**** INPUT MATERIAL ****

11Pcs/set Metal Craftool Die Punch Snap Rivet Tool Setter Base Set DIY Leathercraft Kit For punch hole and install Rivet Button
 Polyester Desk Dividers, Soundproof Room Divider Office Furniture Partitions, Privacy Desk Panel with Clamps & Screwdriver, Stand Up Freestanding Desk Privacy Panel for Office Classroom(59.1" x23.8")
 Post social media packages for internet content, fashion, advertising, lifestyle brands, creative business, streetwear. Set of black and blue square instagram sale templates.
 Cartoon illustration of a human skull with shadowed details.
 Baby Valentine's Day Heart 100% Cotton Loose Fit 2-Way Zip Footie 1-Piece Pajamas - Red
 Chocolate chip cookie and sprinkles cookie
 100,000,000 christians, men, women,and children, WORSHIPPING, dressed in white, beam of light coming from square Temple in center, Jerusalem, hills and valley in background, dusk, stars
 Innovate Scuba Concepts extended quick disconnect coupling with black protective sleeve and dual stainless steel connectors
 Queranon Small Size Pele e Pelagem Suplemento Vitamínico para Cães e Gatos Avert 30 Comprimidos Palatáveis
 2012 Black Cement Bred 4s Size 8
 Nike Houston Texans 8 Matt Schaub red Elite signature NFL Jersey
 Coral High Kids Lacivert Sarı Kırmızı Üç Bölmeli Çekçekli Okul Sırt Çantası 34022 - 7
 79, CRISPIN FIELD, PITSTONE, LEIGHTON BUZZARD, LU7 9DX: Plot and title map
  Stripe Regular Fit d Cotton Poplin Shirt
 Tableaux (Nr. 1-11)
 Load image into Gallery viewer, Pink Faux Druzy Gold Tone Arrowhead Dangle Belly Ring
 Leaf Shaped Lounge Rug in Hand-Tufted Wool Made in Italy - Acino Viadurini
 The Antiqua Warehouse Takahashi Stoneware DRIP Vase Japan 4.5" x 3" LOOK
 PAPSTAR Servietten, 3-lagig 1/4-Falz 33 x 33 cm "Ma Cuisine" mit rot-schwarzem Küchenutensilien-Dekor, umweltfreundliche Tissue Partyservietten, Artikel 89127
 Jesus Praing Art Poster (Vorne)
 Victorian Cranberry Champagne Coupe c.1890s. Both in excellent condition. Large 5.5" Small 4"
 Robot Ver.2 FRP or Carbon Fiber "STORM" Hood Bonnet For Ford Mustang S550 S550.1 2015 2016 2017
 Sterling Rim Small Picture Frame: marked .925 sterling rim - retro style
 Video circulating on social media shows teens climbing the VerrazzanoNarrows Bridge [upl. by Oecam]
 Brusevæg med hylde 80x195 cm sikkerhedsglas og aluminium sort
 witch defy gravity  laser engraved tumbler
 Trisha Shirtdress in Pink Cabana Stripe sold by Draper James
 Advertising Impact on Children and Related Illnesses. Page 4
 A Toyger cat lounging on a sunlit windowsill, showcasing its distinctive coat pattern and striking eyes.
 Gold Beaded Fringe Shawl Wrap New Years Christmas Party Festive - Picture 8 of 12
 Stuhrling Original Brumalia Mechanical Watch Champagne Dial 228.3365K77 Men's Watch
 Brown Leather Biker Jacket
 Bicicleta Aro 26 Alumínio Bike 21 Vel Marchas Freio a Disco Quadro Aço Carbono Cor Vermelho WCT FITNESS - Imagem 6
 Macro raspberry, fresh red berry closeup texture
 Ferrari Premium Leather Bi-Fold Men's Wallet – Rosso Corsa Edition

****

__TASK PROMPT__
From the data above, output only the lines between the line containing "Tableaux (Nr. 1-11)" and the line containing "Robot Ver.2 FRP", inclusive, exactly as written.

__ANSWER TO THIS PROBLEM__
 Tableaux (Nr. 1-11)
 Load image into Gallery viewer, Pink Faux Druzy Gold Tone Arrowhead Dangle Belly Ring
 Leaf Shaped Lounge Rug in Hand-Tufted Wool Made in Italy - Acino Viadurini
 The Antiqua Warehouse Takahashi Stoneware DRIP Vase Japan 4.5" x 3" LOOK
 PAPSTAR Servietten, 3-lagig 1/4-Falz 33 x 33 cm "Ma Cuisine" mit rot-schwarzem Küchenutensilien-Dekor, umweltfreundliche Tissue Partyservietten, Artikel 89127
 Jesus Praing Art Poster (Vorne)
 Victorian Cranberry Champagne Coupe c.1890s. Both in excellent condition. Large 5.5" Small 4"
 Robot Ver.2 FRP or Carbon Fiber "STORM" Hood Bonnet For Ford Mustang S550 S550.1 2015 2016 2017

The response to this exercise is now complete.